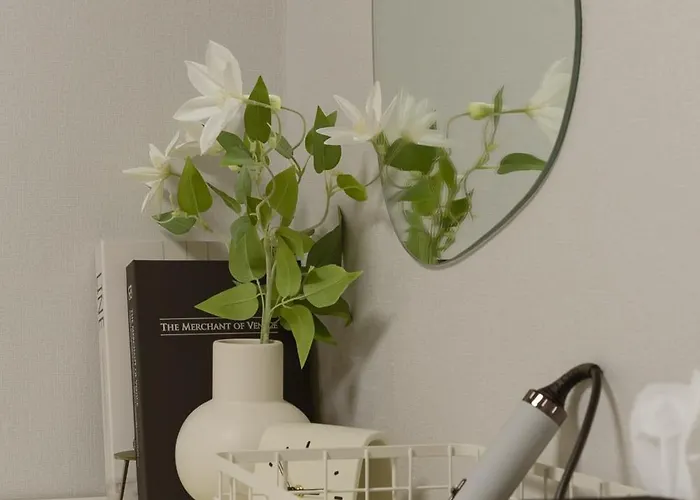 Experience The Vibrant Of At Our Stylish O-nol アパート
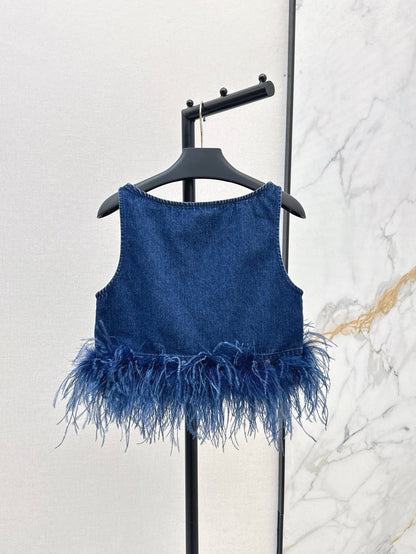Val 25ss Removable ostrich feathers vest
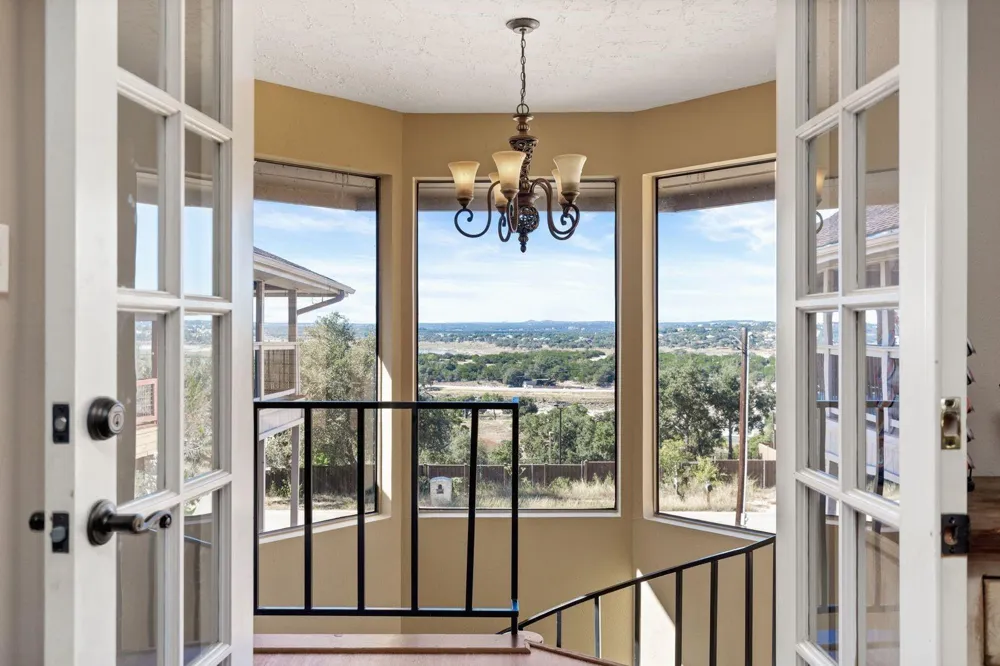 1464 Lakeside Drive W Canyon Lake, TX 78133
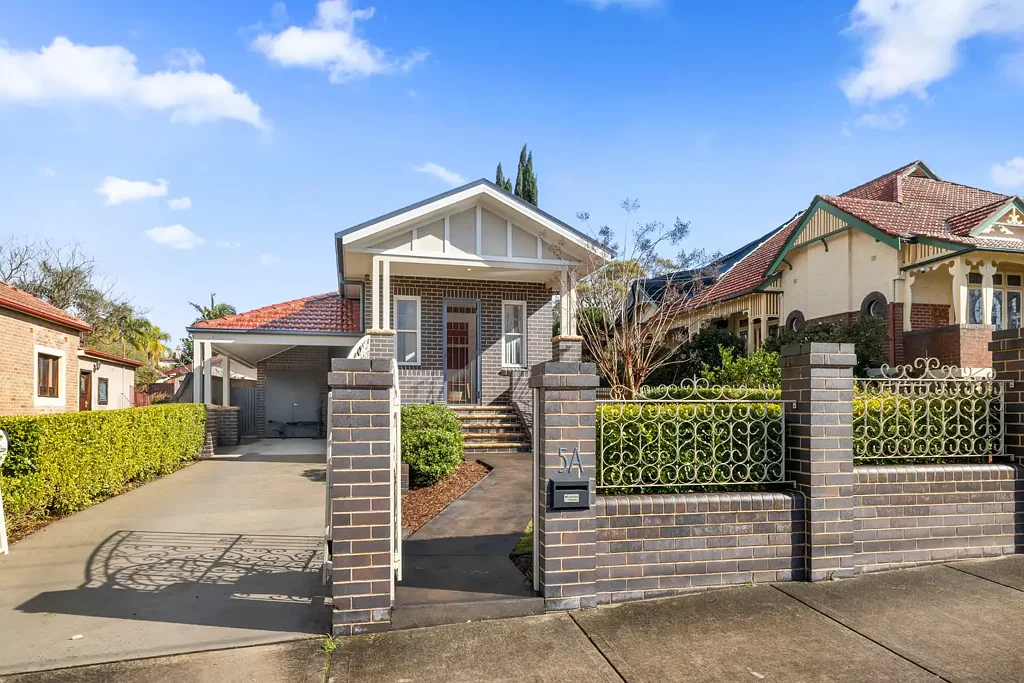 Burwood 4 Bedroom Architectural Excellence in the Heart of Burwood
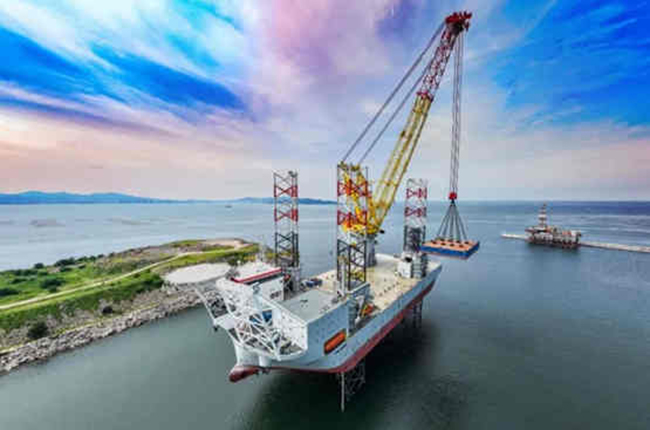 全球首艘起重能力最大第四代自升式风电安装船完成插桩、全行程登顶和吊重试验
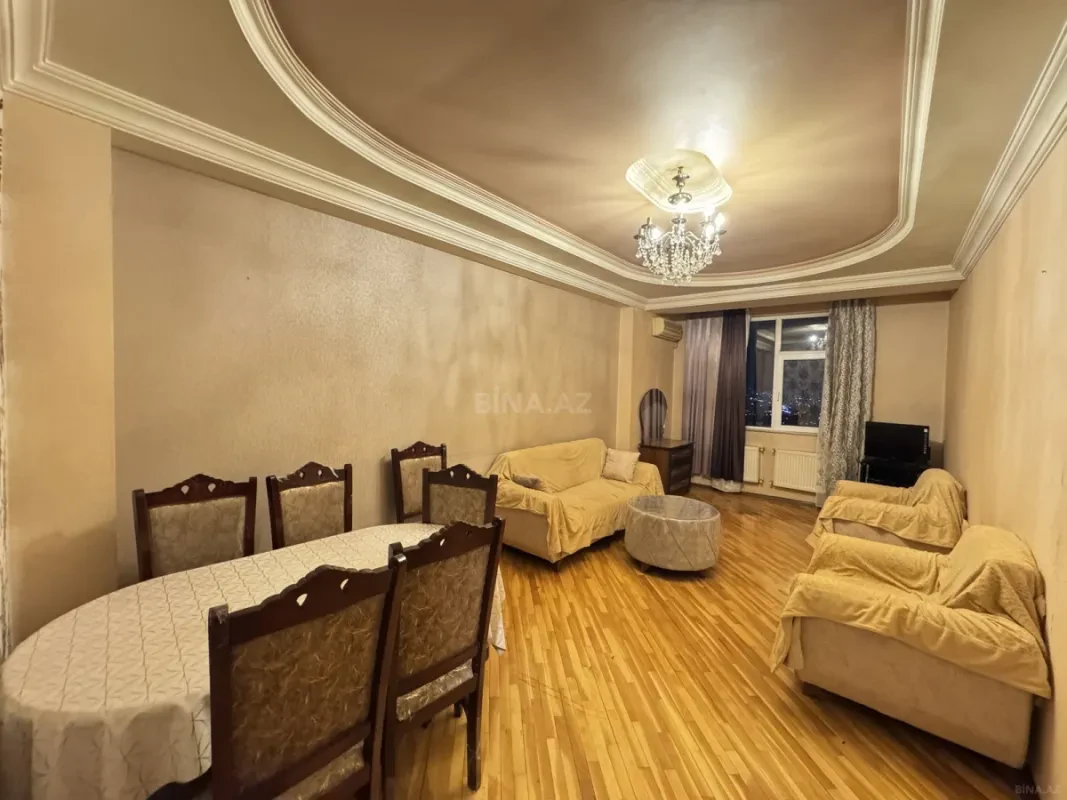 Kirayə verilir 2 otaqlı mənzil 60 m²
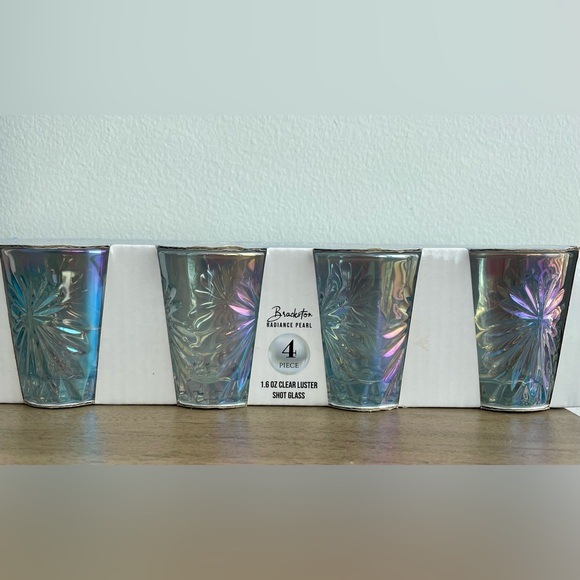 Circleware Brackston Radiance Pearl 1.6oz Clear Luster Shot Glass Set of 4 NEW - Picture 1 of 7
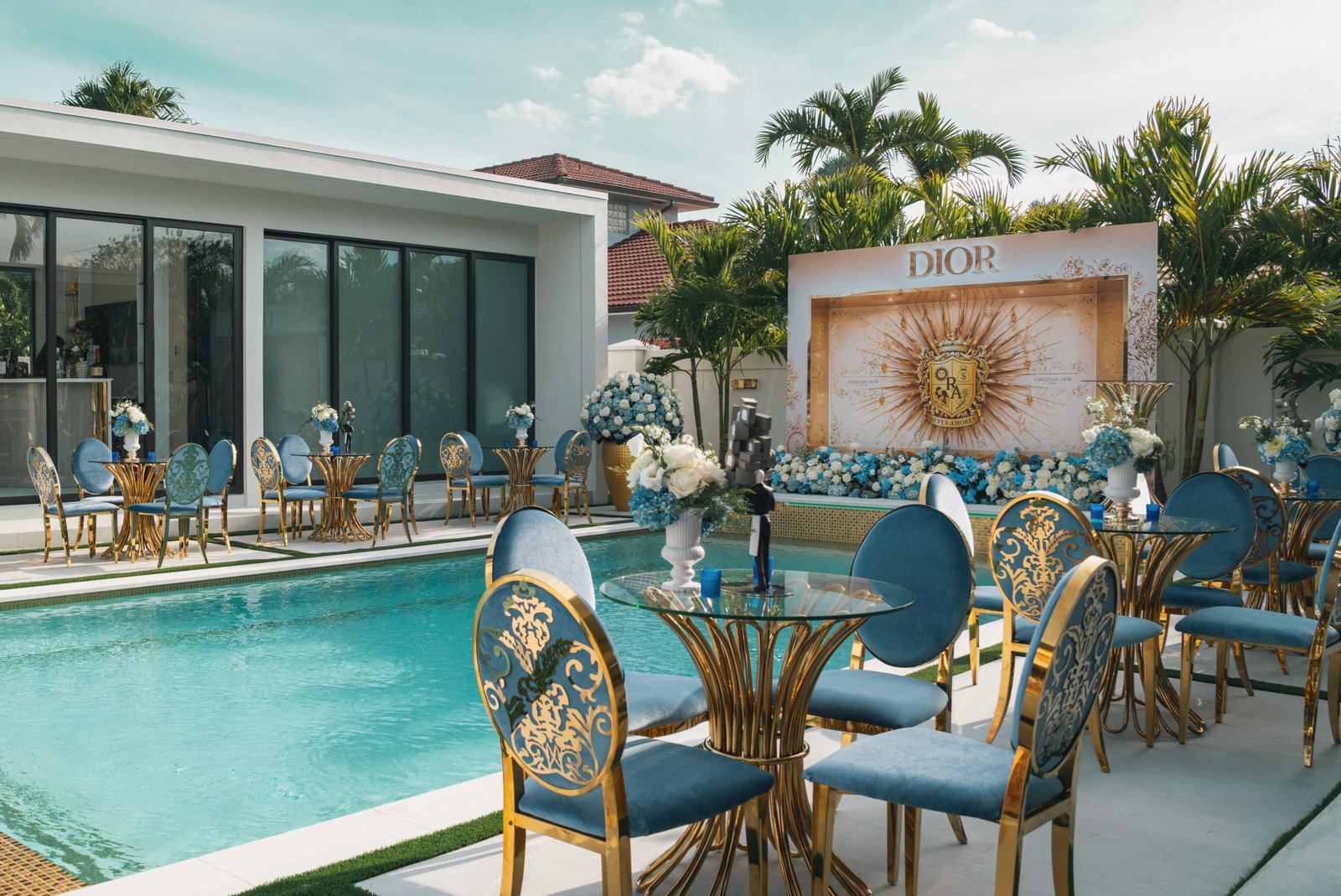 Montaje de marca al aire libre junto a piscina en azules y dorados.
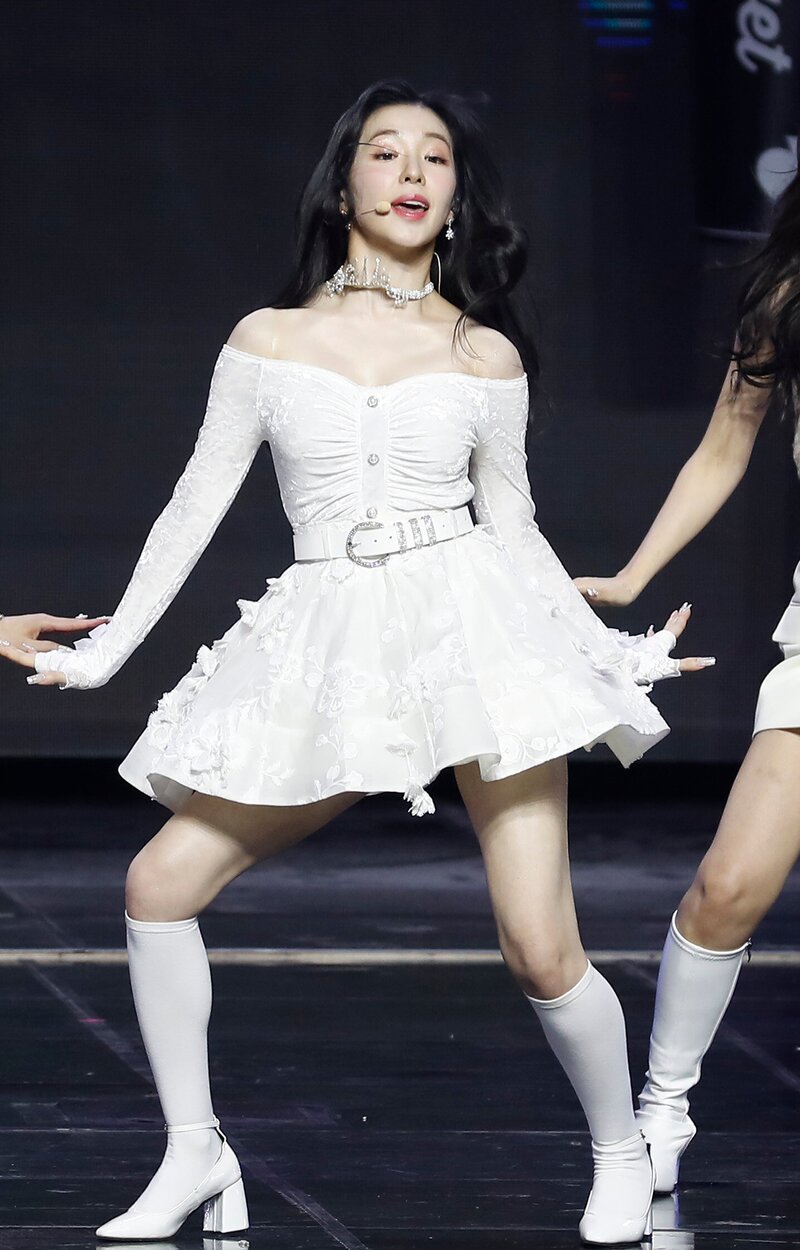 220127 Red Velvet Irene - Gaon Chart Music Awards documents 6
============
■ **About this exercise**:
Starting with the line that holds "Circleware Brackston Radiance", reproduce exactly each line up to and including the last line of the material above, and drop the pictures.

■ **Task response**:
 Circleware Brackston Radiance Pearl 1.6oz Clear Luster Shot Glass Set of 4 NEW - Picture 1 of 7
 Montaje de marca al aire libre junto a piscina en azules y dorados.
 220127 Red Velvet Irene - Gaon Chart Music Awards documents 6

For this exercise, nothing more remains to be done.